Entries shown:
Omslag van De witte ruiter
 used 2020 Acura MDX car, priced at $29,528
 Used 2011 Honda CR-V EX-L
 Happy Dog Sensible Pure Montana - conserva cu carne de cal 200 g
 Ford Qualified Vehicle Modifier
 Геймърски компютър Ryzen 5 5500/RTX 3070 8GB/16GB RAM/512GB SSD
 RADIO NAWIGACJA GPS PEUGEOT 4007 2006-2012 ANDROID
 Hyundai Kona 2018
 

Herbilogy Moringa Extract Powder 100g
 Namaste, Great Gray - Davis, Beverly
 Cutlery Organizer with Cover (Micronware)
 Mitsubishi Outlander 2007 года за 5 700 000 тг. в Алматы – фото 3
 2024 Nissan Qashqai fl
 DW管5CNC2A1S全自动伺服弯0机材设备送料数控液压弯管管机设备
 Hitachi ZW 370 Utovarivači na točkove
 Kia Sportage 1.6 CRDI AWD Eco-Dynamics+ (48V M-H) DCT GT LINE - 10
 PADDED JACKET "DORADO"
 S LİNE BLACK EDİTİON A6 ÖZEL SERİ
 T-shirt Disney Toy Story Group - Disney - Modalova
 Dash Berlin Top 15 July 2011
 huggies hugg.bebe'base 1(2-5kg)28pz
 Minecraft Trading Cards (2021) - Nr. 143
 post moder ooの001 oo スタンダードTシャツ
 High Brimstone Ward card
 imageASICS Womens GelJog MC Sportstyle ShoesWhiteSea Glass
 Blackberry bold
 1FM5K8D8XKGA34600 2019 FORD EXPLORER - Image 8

Your assignment:
The line containing "huggies hugg.bebe'base 1(2-5kg)28pz" and every line after it, through the end of the records above: output exactly those, and nothing else.

Written reply:
 huggies hugg.bebe'base 1(2-5kg)28pz
 Minecraft Trading Cards (2021) - Nr. 143
 post moder ooの001 oo スタンダードTシャツ
 High Brimstone Ward card
 imageASICS Womens GelJog MC Sportstyle ShoesWhiteSea Glass
 Blackberry bold
 1FM5K8D8XKGA34600 2019 FORD EXPLORER - Image 8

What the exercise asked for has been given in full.